While I was definitely put off by his tone and the insinuation that women weren’t skilled – something I found to be offensive, but didn’t speak up about due to my lack of comfort in the setting – I wanted to improve at disc golf. So, I quickly ditched the 150-class stuff and added some discs in the 170-gram range…
…and promptly had trouble throwing them. I guess that’s what I get for heeding close-minded advice.
So, after struggling with weights in the 170s, I cobbled up my pride and dropped down into the 160s. Why didn’t I go all the way into the 150s and just get it over with?
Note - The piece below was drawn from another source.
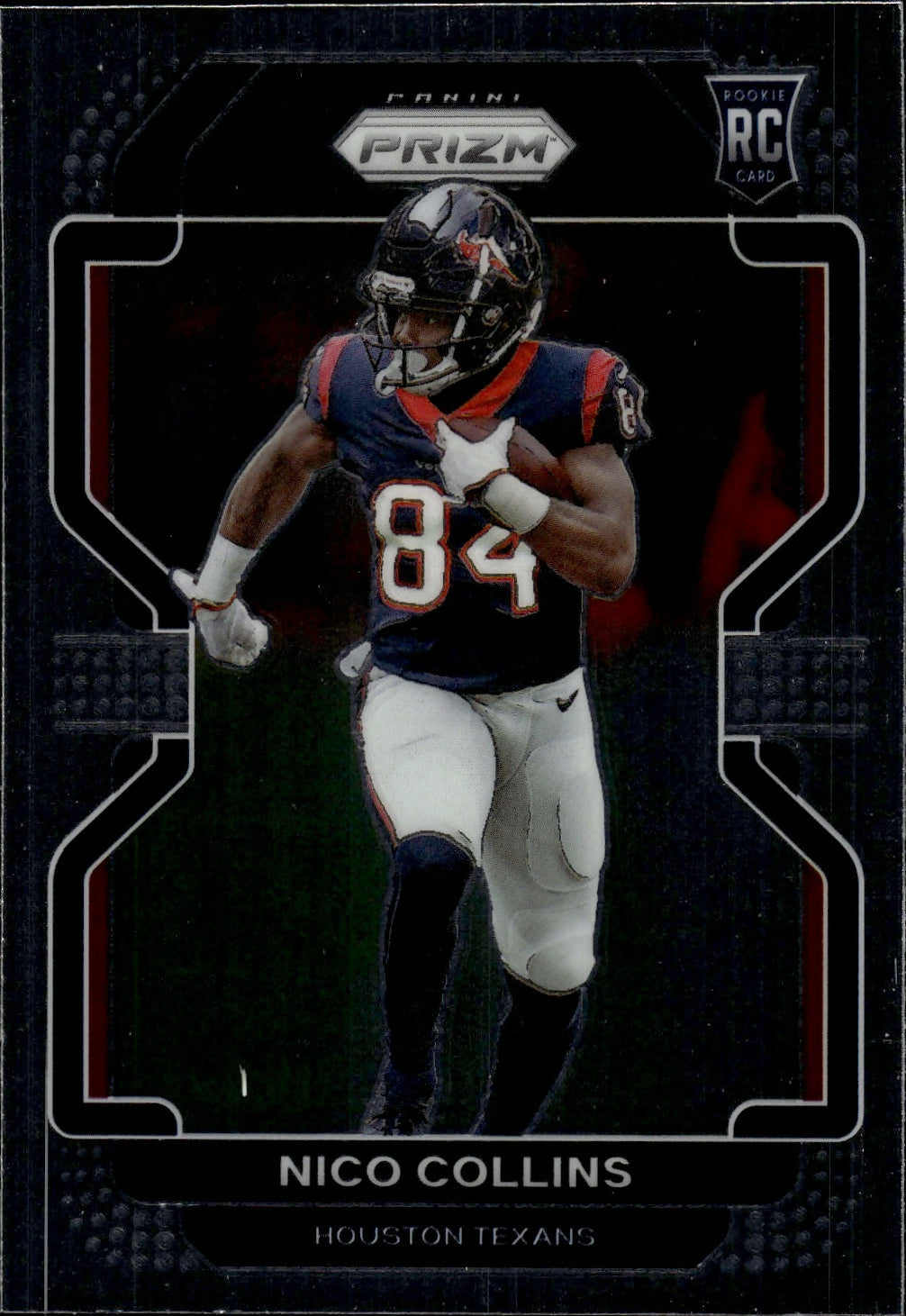 2021 Panini Prizm Football Base #360 Nico Collins RC Houston Texans - A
Stubbornness, if I had to guess.
Some months down the road, though, I had a great opportunity presented to me. When playing in a low-key Ice Bowl event, I was put on the same card as Innova Ambassador (and Rattling Chains contributor) Allen Risley. Watching him play all day, and seeing how easy everything looked, told me I was doing something wrong. When I asked him for some advice on smoothing out my form, he pointed to throwing lighter discs, as they would be less forgiving of form flaws and would still travel far if thrown correctly.
So, naturally, I rushed out the next day and stocked up on 150-class drivers, right?
Well, kind of. I bought a 150-gram Star Teebird and a Star Valkyrie of the same weight, and headed out to the course.
However, due to my lack of patience – shock of the century, but these discs didn’t fly well for me right off the bat, because I never gave them time – I ended up ditching my new toys and heading back into the 160-range.
And that’s how it stood, up until about three weeks ago. I am not sure what happened – whether a flaw in my form had worsened, or if I strained something off the disc golf course – but I started to experience sharp, stabbing pains in my throwing elbow. When I got home from the course, I was having problems even picking up my daughter. That just can’t happen.
So, after taking a couple days off and a boatload of Ibuprofen, I decided something in my game had to change.
Right around the same time, Will Schusterick released an extremely helpful driving tutorial video that really broke down form in an easy-to-digest fashion.
Thinking back to what Risley told me – that light discs are good learning tools – I decided to dig into the stash of discs I bought for my wife, grab the Diamond, and pore over the Schusterick video to rebuild my form.
And while this process has only been a few weeks in the making, I am excited about the results so far. I have made some nice shots with the Diamond that have required very little exertion, including a near-ace on a basket I normally never touch with a drive. And, best of all, my arm hasn’t been in any pain since I started throwing it.
So, I am making the full switch to 150-class drivers. I just added a light blue Star Teebird that makes my discs look like they are suited for a baby shower, and I am on the hunt for one more distance driver to add to the mix. I might suffer a bit in the wind, but I think that is a small price to pay for playing without pain.
In the meantime, my old drivers are sitting in a stack, longing to be thrown. And maybe they will be someday. But for now, I am proud to admit that I throw lightweight drivers, even if they are pink.